> **EXERCISE GOAL**
Wherever a picture appears, leave it out, and transcribe the rest of the records exactly.

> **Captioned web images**
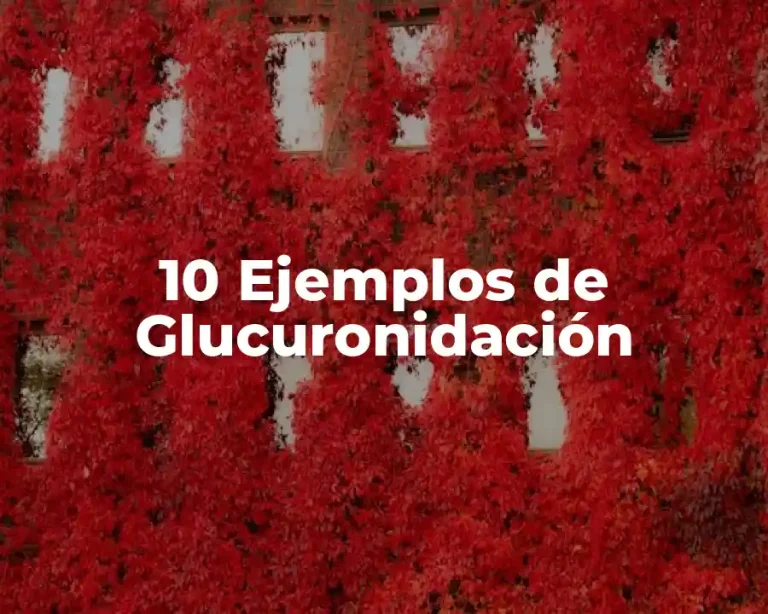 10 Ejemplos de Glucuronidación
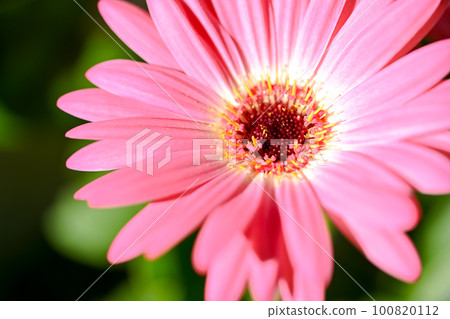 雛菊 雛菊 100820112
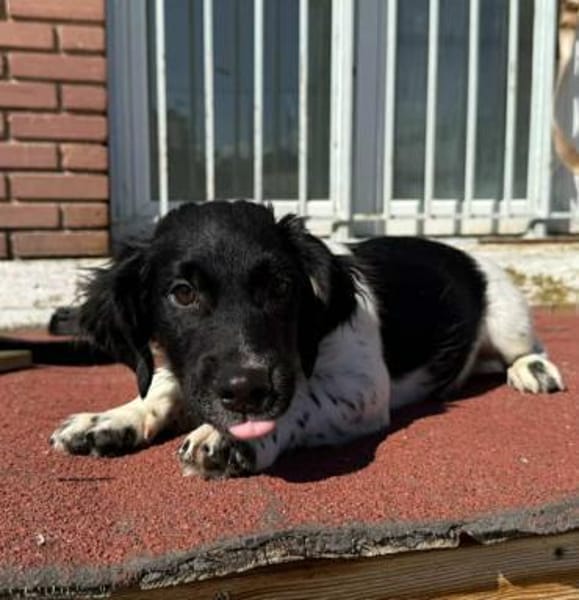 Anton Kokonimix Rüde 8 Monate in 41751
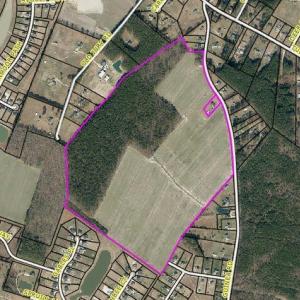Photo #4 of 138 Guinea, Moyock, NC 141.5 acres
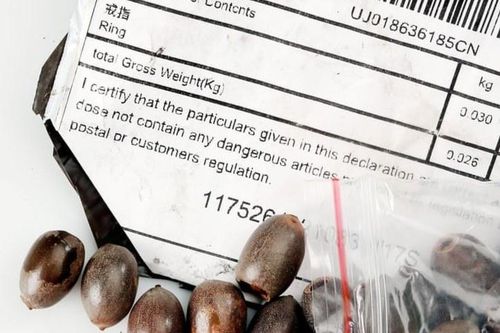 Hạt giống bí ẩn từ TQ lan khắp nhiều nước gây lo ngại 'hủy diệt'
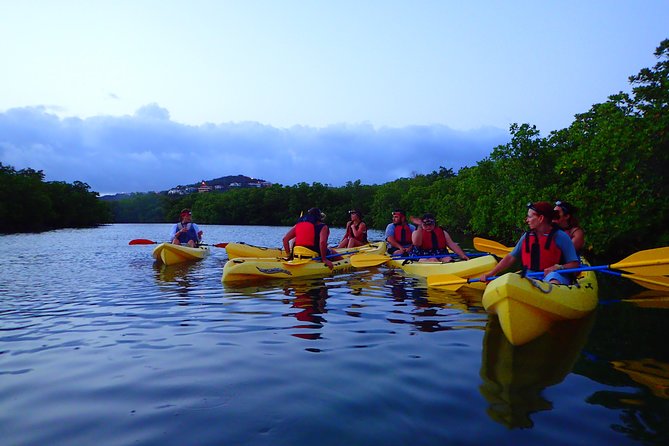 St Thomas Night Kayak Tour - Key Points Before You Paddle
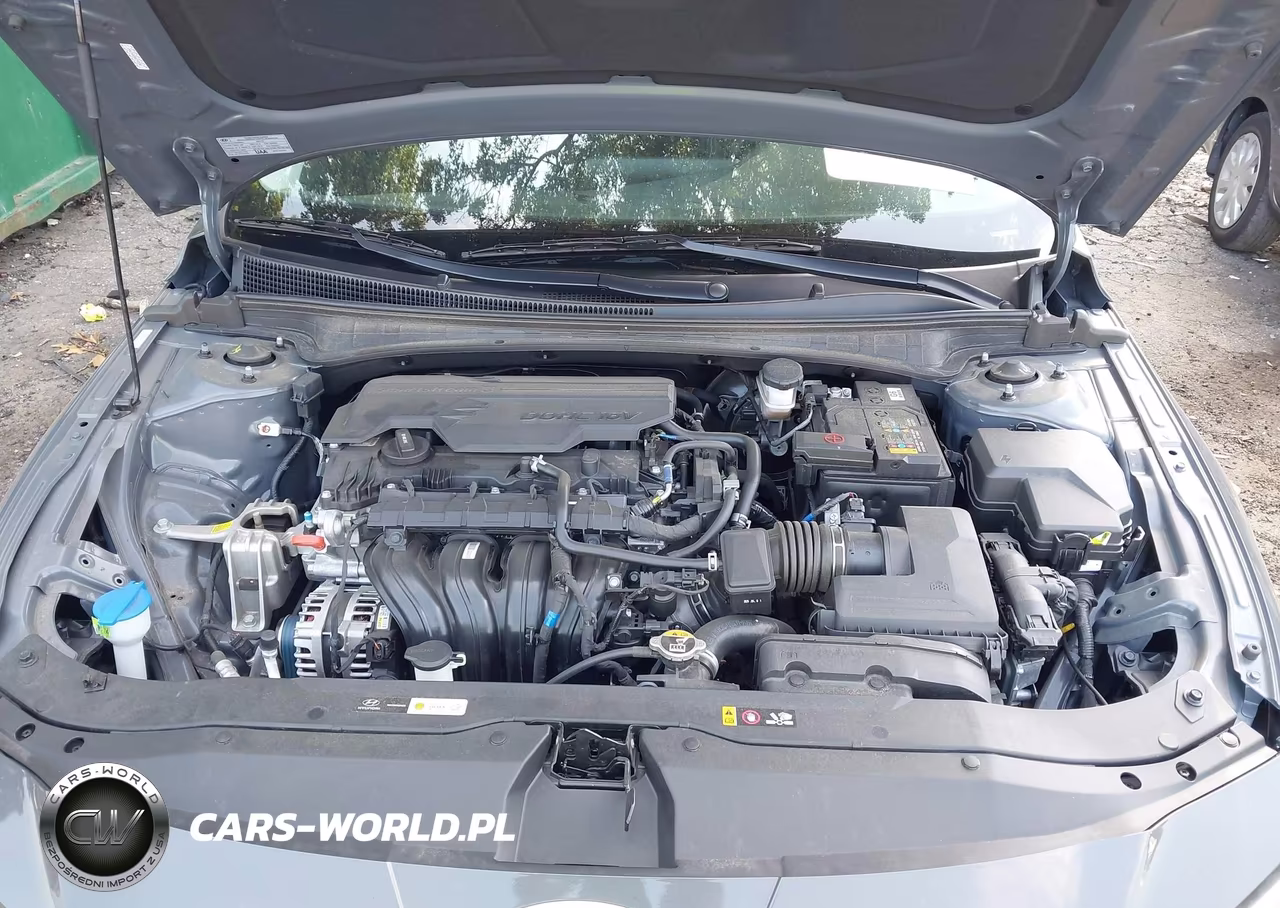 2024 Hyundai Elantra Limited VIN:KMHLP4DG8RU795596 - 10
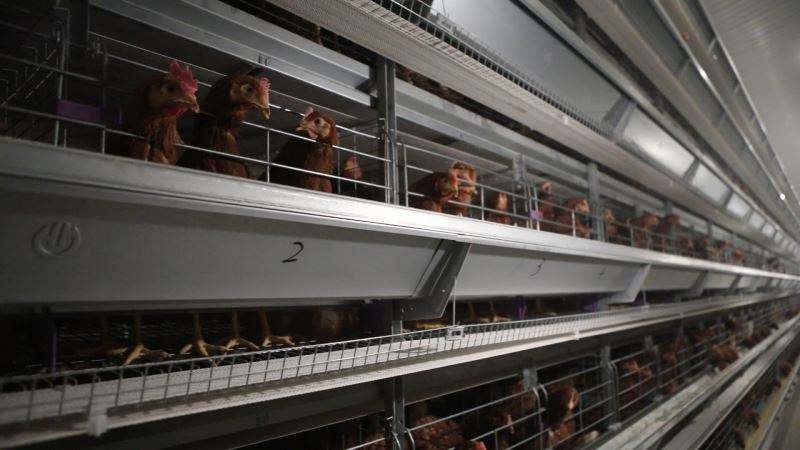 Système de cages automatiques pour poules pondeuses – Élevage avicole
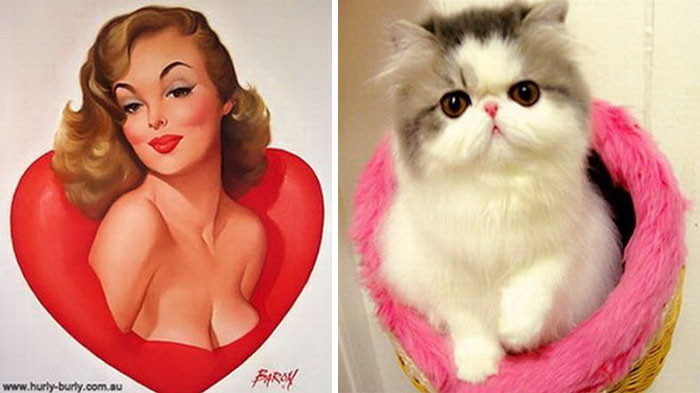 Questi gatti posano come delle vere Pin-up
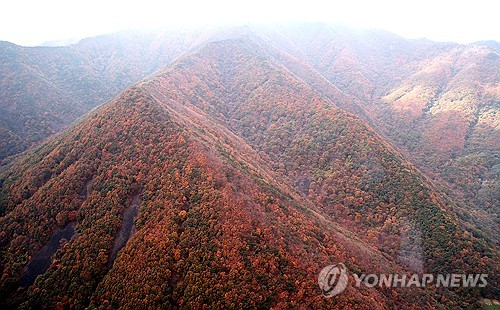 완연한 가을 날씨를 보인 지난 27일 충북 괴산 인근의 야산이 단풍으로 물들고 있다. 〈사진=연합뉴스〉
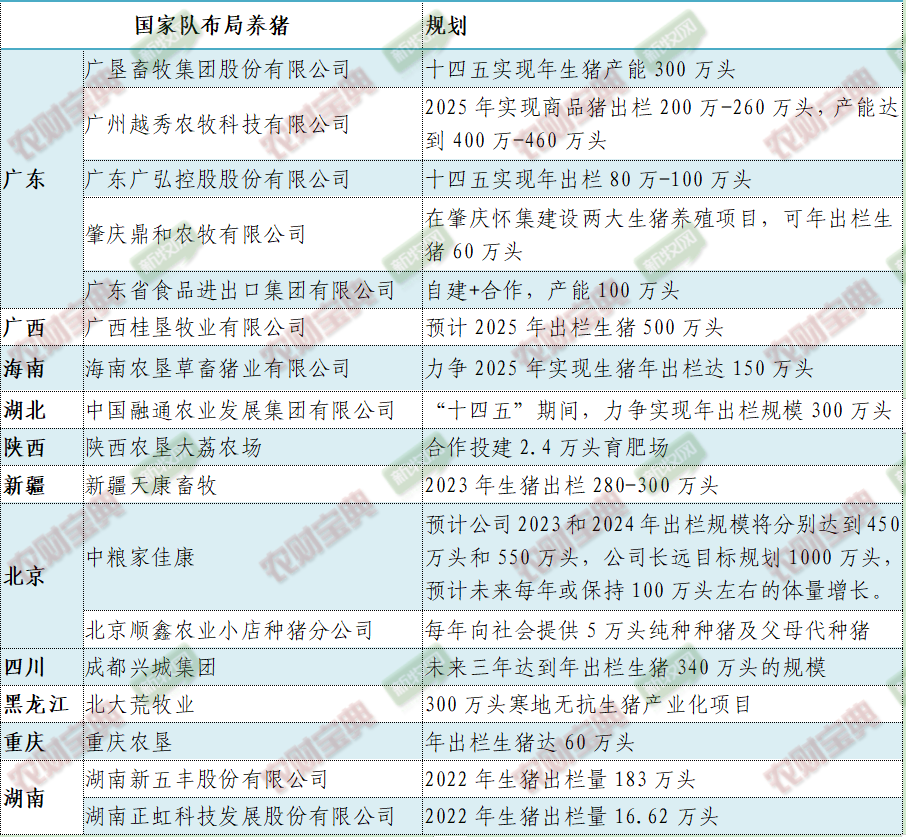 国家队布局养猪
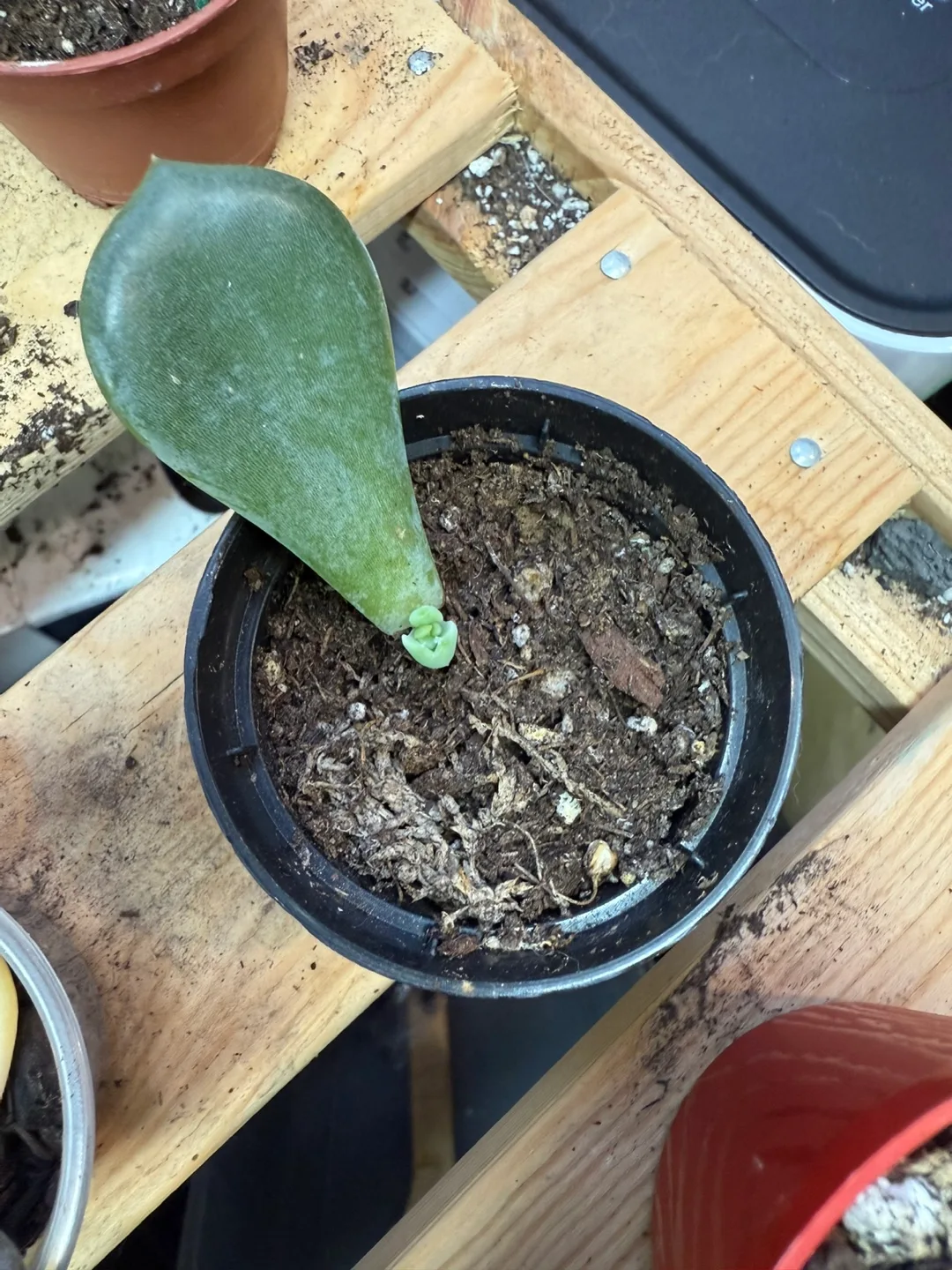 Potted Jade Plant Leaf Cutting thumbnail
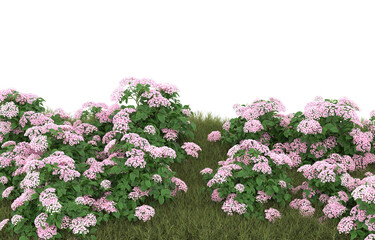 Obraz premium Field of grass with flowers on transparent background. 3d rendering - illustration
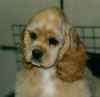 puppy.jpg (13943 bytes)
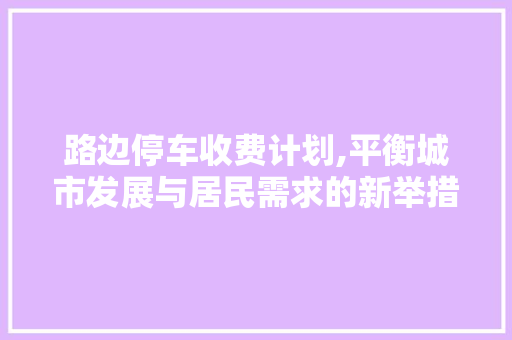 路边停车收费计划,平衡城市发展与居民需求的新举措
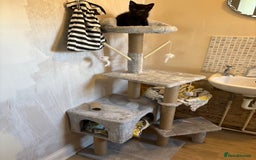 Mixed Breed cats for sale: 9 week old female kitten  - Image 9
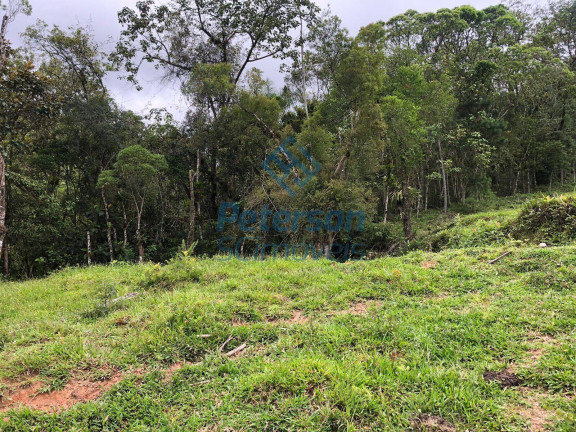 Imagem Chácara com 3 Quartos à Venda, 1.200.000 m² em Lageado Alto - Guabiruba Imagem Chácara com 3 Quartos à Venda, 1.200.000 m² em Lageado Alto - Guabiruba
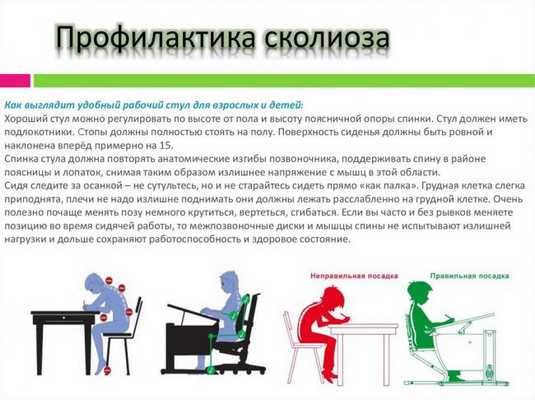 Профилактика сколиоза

> **EXPECTED ANSWER**
 10 Ejemplos de Glucuronidación
 雛菊 雛菊 100820112
 Anton Kokonimix Rüde 8 Monate in 41751
Photo #4 of 138 Guinea, Moyock, NC 141.5 acres
 Hạt giống bí ẩn từ TQ lan khắp nhiều nước gây lo ngại 'hủy diệt'
 St Thomas Night Kayak Tour - Key Points Before You Paddle
 2024 Hyundai Elantra Limited VIN:KMHLP4DG8RU795596 - 10
 Système de cages automatiques pour poules pondeuses – Élevage avicole
 Questi gatti posano come delle vere Pin-up
 완연한 가을 날씨를 보인 지난 27일 충북 괴산 인근의 야산이 단풍으로 물들고 있다. 〈사진=연합뉴스〉
 国家队布局养猪
 Potted Jade Plant Leaf Cutting thumbnail
 Obraz premium Field of grass with flowers on transparent background. 3d rendering - illustration
 puppy.jpg (13943 bytes)
 路边停车收费计划,平衡城市发展与居民需求的新举措
 Mixed Breed cats for sale: 9 week old female kitten  - Image 9
 Imagem Chácara com 3 Quartos à Venda, 1.200.000 m² em Lageado Alto - Guabiruba Imagem Chácara com 3 Quartos à Venda, 1.200.000 m² em Lageado Alto - Guabiruba
 Профилактика сколиоза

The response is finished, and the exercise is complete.